11. Use StatsD for metrics collection¶
We need to implement a metrics collection solution to gain insights into the performance and behavior of bedrock. Metrics play a crucial role in understanding system health, identifying bottlenecks, and making informed decisions for optimization and troubleshooting.
StatsD is a proven open-source solution that provides a lightweight and scalable approach to capturing, aggregating, and visualizing application metrics. It offers numerous benefits that align with bedrock’s needs:
Simplicity and Ease of Integration: StatsD is easy to install and integrate into our existing Python codebase. It provides a simple API that allows us to instrument our code and send metrics with minimal effort.
Aggregation and Sampling: StatsD supports various aggregation methods, such as sum, average, maximum, and minimum, which can be applied to collected metrics. Additionally, it provides built-in support for sampling, allowing us to reduce the volume of metrics collected while still maintaining statistical significance.
Scalability: StatsD is designed to handle high volumes of metrics and can easily scale horizontally to accommodate increasing demands. It relies on a fire-and-forget mechanism, where the metrics are sent asynchronously, ensuring minimal impact on the performance of our application.
Integration with Monitoring and Visualization Tools: At Mozilla we already have a stack available and configured by SRE that uses StatsD along with Telegraf to send metrics to Grafana for visualization and monitoring. This integration will enable us to analyze and visualize our metrics, create dashboards, and set up alerts for critical system thresholds.

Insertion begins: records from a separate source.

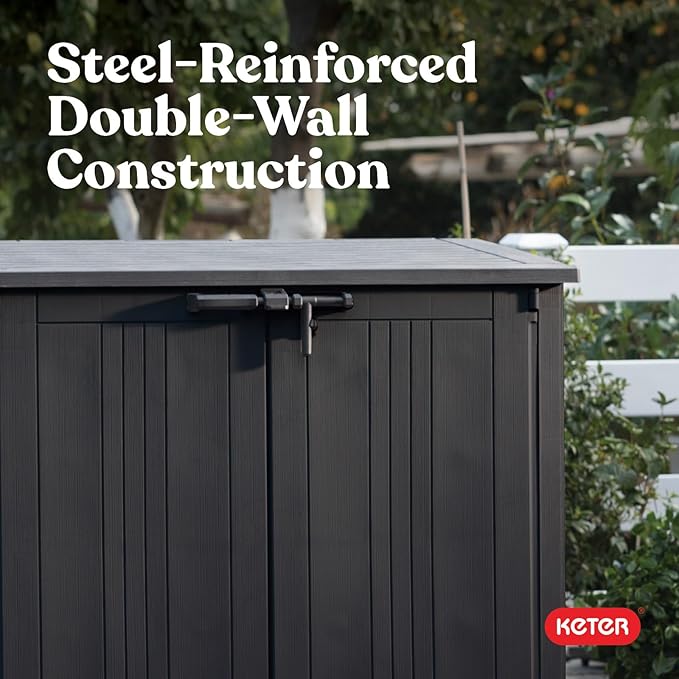 Keter Store-It-Out Prime 4.3 x 3.7 ft. Outdoor Resin Storage Shed - Image 12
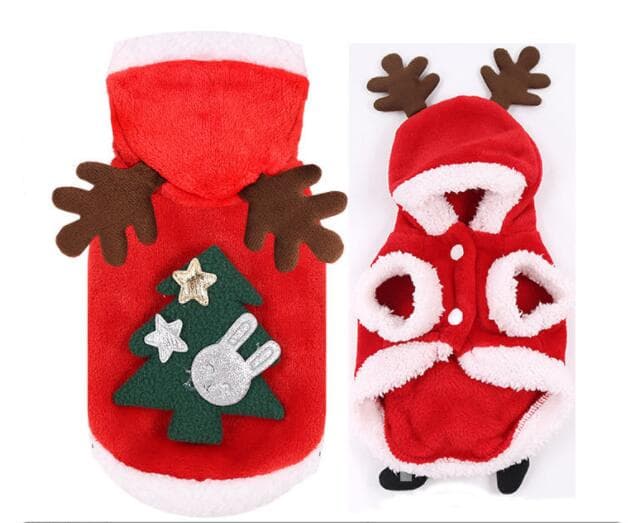 Christmas Santa Dog Costume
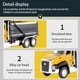 thumbnail image 5 of Set de camiones de juguete con motor de construcción | Autos de empuje a fricción para niños mayores de 3 años | Camión volquete con cargadora realista | Plástico resistente | Regalo de cumpleaño, 5 of 5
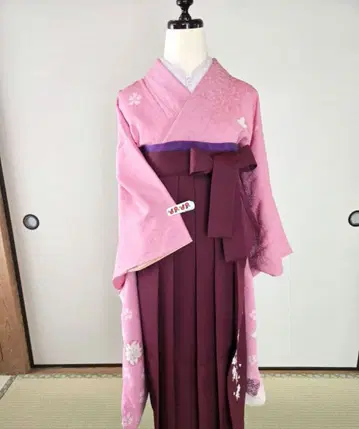 벚꽃 꽃무늬 대학생 졸업 하카마용으로 추천! 후리소데만.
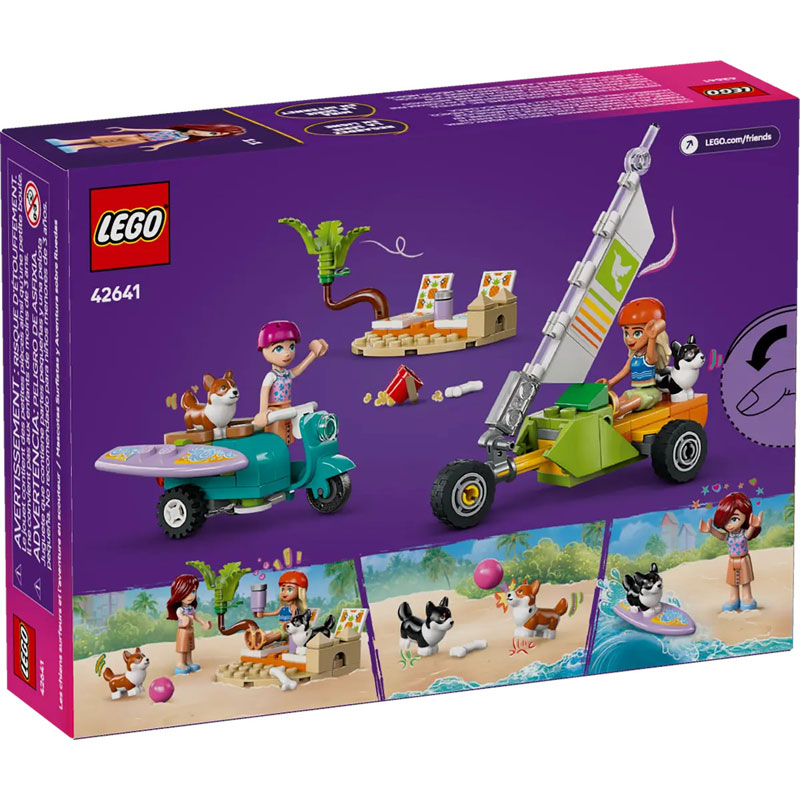 Lego Friends Surfing Dogs and Scooter Adventure 42641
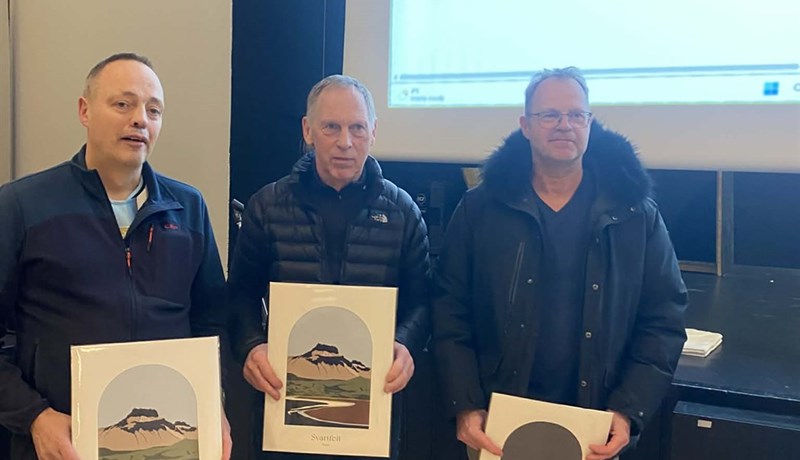 Hart barist um gullið fyrir austan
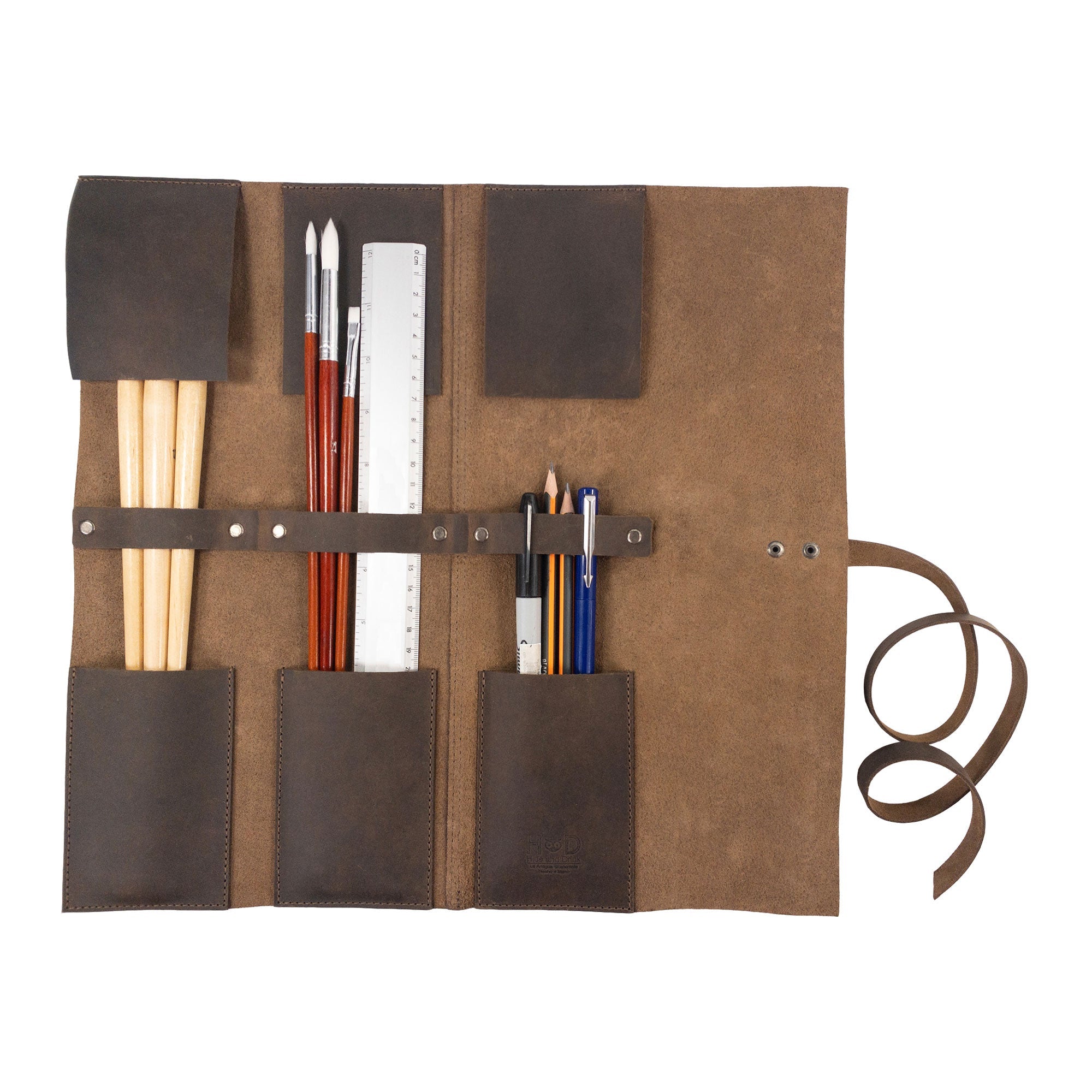 Artist Roll for Brushes - Stockyard X 'The Leather Store'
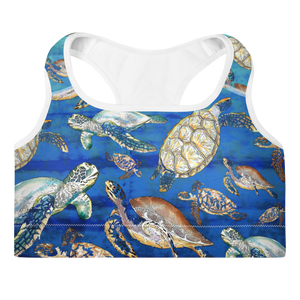 Sea Turtle Padded Sports Bra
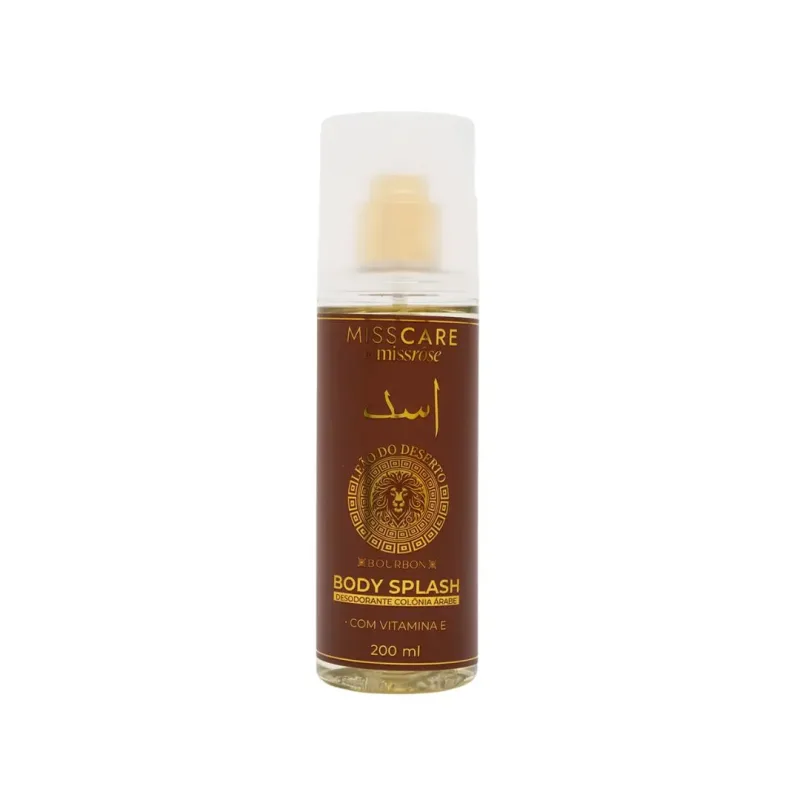 Body Splash Leão do Deserto Bourbon 200ml - Miss Rose (MR157B)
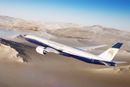 Boeing Business Jets lanserte BBJ 777X i Dubai mandag.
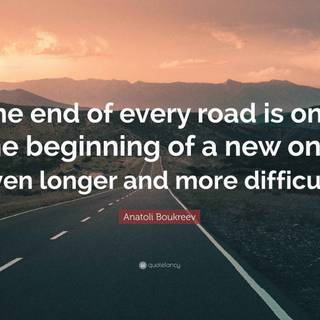 End of the road wallpaper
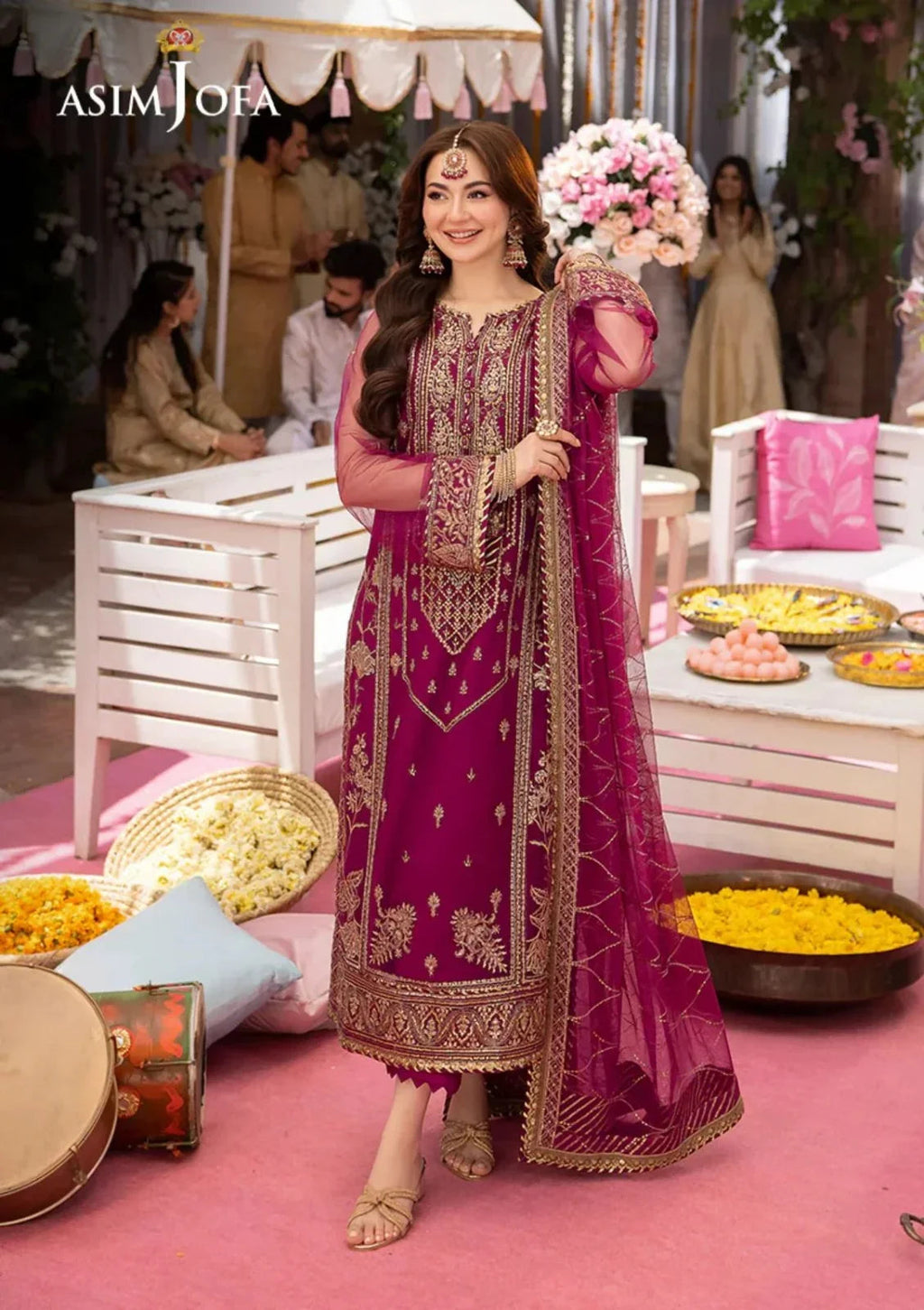Asim Jofa Chiffon Dress 35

Overview of how StatsD, Telegraf, and Grafana work together.¶
Here’s an overview of how these tools fit into the workflow:
StatsD: StatsD is responsible for collecting and aggregating metrics data within the application. It provides a simple API that allows us to instrument our code and send metrics to a StatsD server. StatsD operates over UDP and uses a lightweight protocol for sending metrics.
Telegraf: Telegraf is an agent-based data collection tool that can receive metrics from various sources, including StatsD. Telegraf acts as an intermediary between the data source (StatsD) and the data visualization tool (Grafana). It can collect, process, and forward metrics data to different destinations.
Grafana: Grafana is a popular open-source data visualization and monitoring tool. It provides a rich set of features for creating dashboards, visualizing metrics, and setting up alerts. Grafana can connect to Telegraf to retrieve metrics data and display it in a user-friendly and customizable manner.
Metrics Design and Instrumentation: Proper metrics design and instrumentation are crucial to deriving meaningful insights. We need to invest time and effort in identifying the key metrics to capture and strategically instrument our codebase to provide actionable data for analysis.
Operational Overhead: Introducing a new tool requires additional operational effort for monitoring, maintaining, and scaling the StatsD infrastructure. However, since this infrastructure is in use currently by other projects within Mozilla, this overhead is already being assumed and is spread out across projects.
Integration Effort: While integrating StatsD into bedrock is relatively straightforward, we will need to allocate development time to instrument our codebase and ensure that metrics are captured at relevant points within the application.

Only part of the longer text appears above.